* [Assigned task]
Where the records below show a line containing "christian dior dress collection|christian", start copying; end with the line containing "uraqt-neti-pot-nasal-rinse-kit-nose-wash-2.jpg", and copy it too.

* [Information supplied]
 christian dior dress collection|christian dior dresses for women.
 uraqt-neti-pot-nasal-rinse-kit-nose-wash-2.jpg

* * *

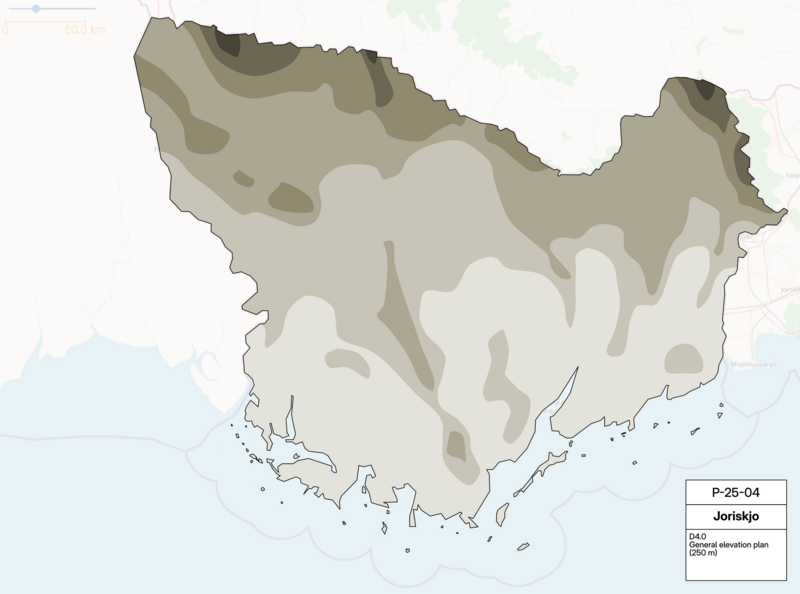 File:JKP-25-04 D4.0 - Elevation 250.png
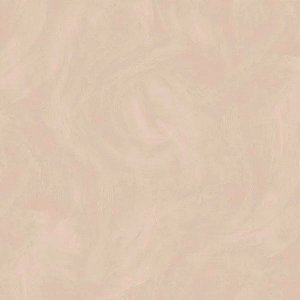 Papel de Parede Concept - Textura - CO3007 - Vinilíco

* [Your response]
 christian dior dress collection|christian dior dresses for women.
 uraqt-neti-pot-nasal-rinse-kit-nose-wash-2.jpg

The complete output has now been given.